# Mixing mud for flat boxes



## lifeloverfl (Apr 8, 2016)

I decided to try using a flat box for a large job. What's the ratio or how much water are you adding to five gallons of mud?


----------



## killerjune (Jun 18, 2011)

too thick is hard to push, too wet the mud spill of the box when you make horizontal flat. start with 3 or 4 cup of water.


----------



## lifeloverfl (Apr 8, 2016)

I would say I used that much water and am using a level5 flat box. It is just incredibly difficult to push the mud out.


----------



## Pytlik (Jan 14, 2013)

1-2 cup, so I can be used by hand.

We use tapepro with powerass. so it gets through..


----------



## Sweendog87 (Apr 5, 2015)

lifeloverfl said:


> I would say I used that much water and am using a level5 flat box. It is just incredibly difficult to push the mud out.

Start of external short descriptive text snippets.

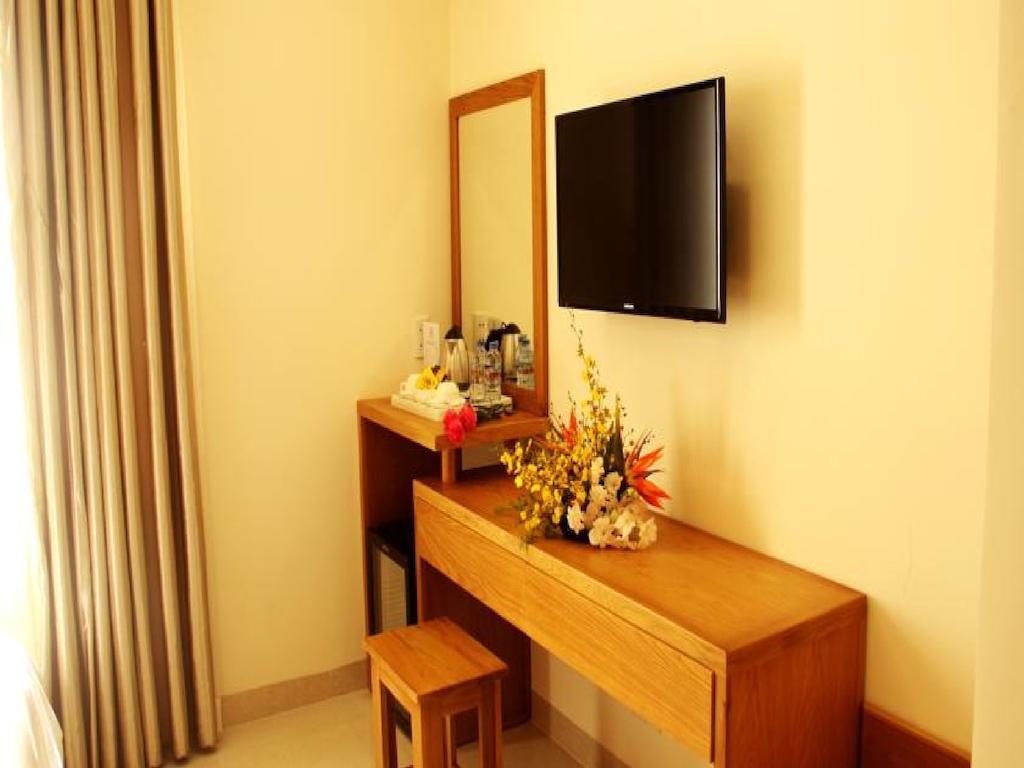Hotel Vien 2*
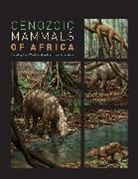 Lars Werdelin, Lars Sanders Werdelin, Werdelin/Sanders, William Joseph Sanders, Sanders William Joseph, Lars Werdelin... - Cenozoic Mammals of Africa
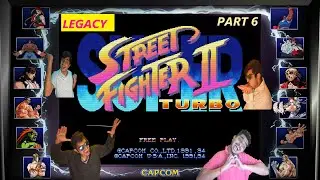 Letall ofUs2getherGo&DoDVGonSSDPLLGNDN1HCGBLHCGBLGNDSAAHC Legacy 1994Super Street Fighter 2Turbo pt6
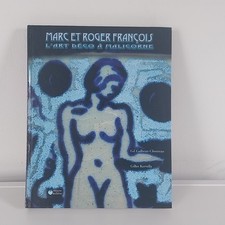 Marc et Roger François L'art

Try a little more water u will be surprised how much easier it is with even half a cup more if it's too hard put a little more water if it's spilling out everywhere thicken it up with A little more mud everyone is different my boss loves it really thick he only uses one cup to a bucket but I like it with about 3 cups seems to glide on like butter on bread for me trial and error is the best recipe I like to give it one run and then adjust to my liking sometimes I need a little more water and it makes it so much easier and nicer finish same with flushing internals 


Sent from my iPhone using Tapatalk


----------



## Level 5 Tools (Feb 11, 2016)

*Level 5 Boxes*

Lifeloverfl; Sent you a private message to give me a call re: your box. Want to make sure it's functioning properly! Check your messages and give me a call!

Thank you! Level 5 Tools


----------



## endo_alley (Nov 2, 2013)

lifeloverfl said:


> I would say I used that much water and am using a level5 flat box. It is just incredibly difficult to push the mud out.

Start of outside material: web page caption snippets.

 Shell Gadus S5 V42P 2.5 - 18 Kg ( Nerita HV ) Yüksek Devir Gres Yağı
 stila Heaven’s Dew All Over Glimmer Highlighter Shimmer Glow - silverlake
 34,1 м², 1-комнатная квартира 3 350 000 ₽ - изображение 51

Lubricate. Remove the springs. They just get in the way.


----------



## Sweendog87 (Apr 5, 2015)

Yeah no need for Springs just more to clean I have t2 tapepro boxes and the a made without and there way better than the old ones with Springs 


Sent from my iPhone using Tapatalk


----------



## Shelwyn (Apr 10, 2015)

New boxes are always harder to run. The seal they come with is really tight. You'll break it in after a few jobs and it'll be easier to use.


----------



## embella plaster (Sep 21, 2013)

Also drop some soap in the mud same amount u would do dishes and watch that baby glide


----------



## fr8train (Jan 20, 2008)

No set amount of water, every bucket/batch is different. For block/second coat I add water until the burp lays down. You don't want it to stay peaked up like a volcano. I also add a squirt of soap.

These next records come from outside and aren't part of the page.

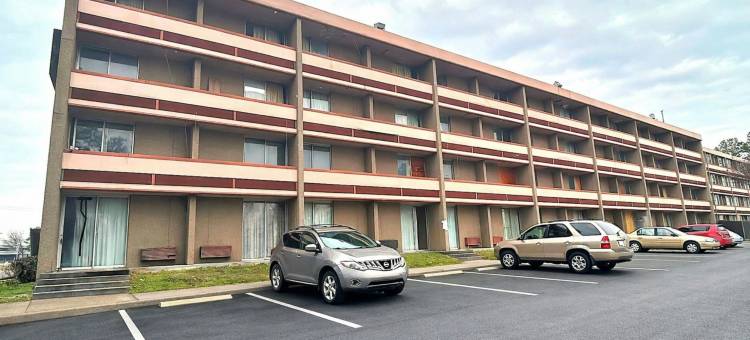 Airport Inn Memphis Near Graceland By Hotel O图片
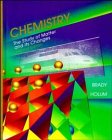 9780471100423: Chemistry: The Study of Matter and Its Changes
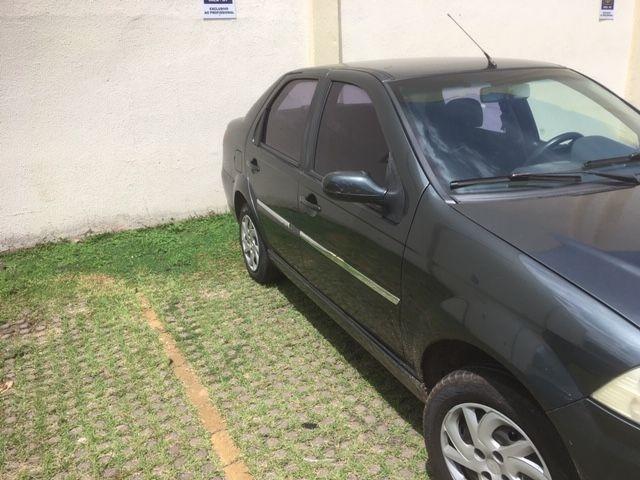 Fiat siena EL 2009/2010 completo-18.500,00 - Foto 2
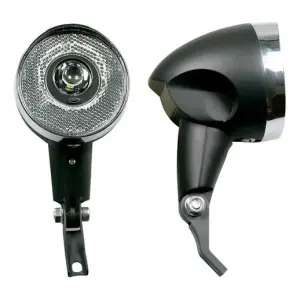 Move koplamp Pearl led aan/uit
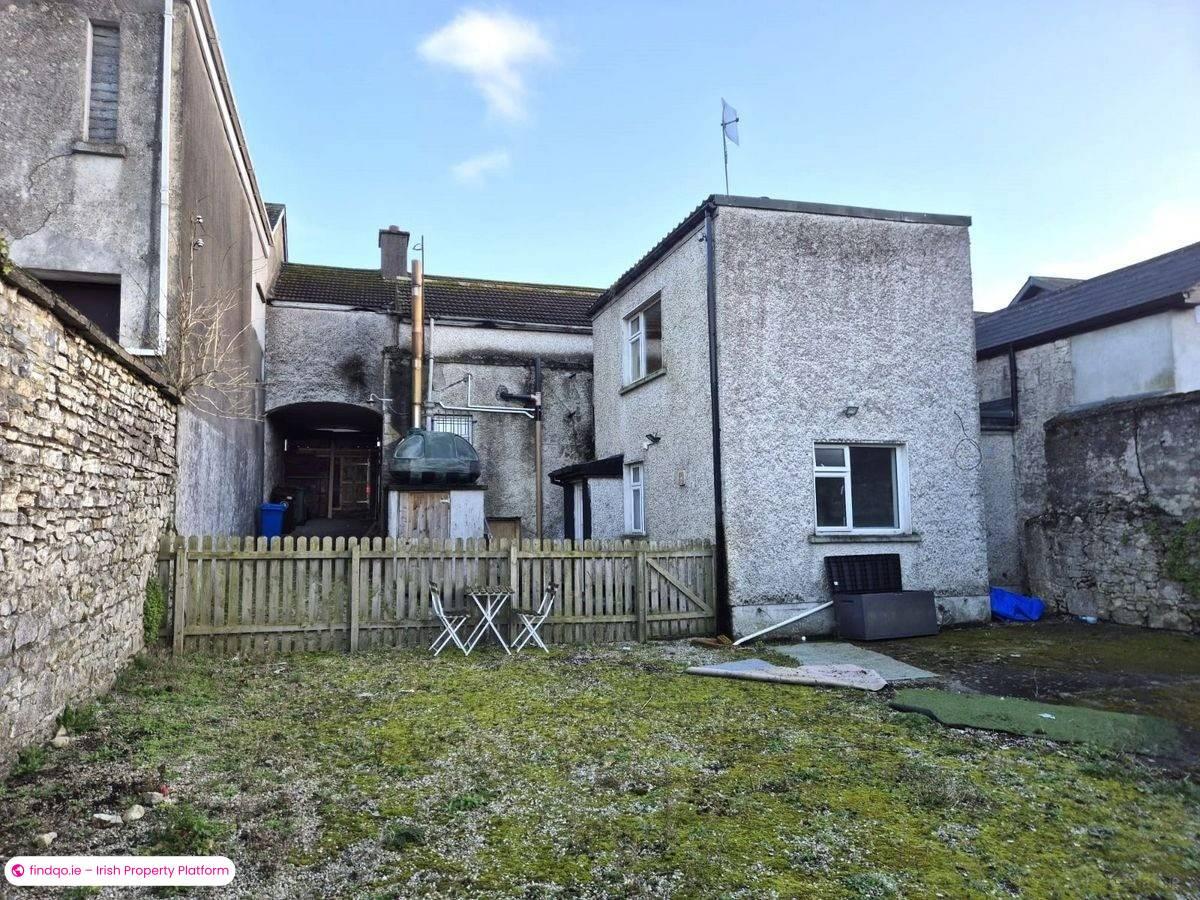 Terraced house for Sale in Edenderry, Offaly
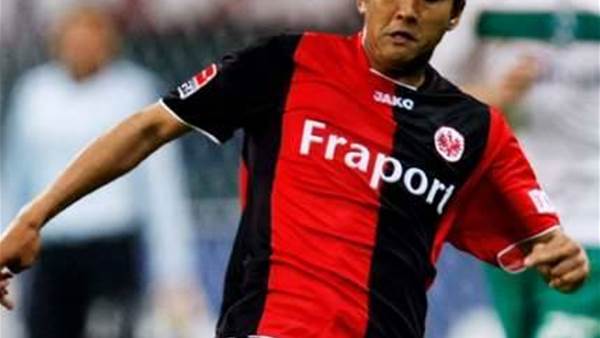 Inamoto Joins Rennes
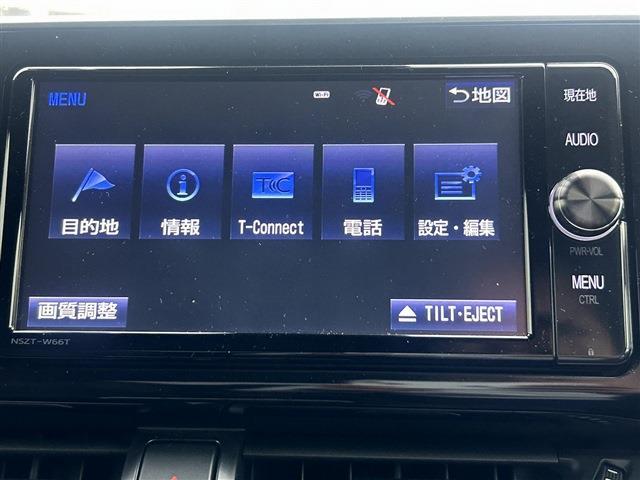 Toyota C-HR 3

Sent from my iPhone using Tapatalk


----------



## Tigahshark (Jan 8, 2015)

I guess it depends on mud thickness out of the box, I have used mud straight from the box that was SUPER hard probably older mud. I would say just make the mud consistent so that it is easy for you to used, like others have said to soft then it is messy, to hard then it will be hard to apply, everyone has their own consistency of mud to their liking i think you should just experiment a little to find yours.


----------



## icerock drywall (Nov 13, 2010)

You don't need much water and with different kinds of compound it's hard to tell you how much water to add I like to add a little water and then a little Mad Max with my compound also spring tension can make it hard to push but that's going to change. There's a new design coming out


----------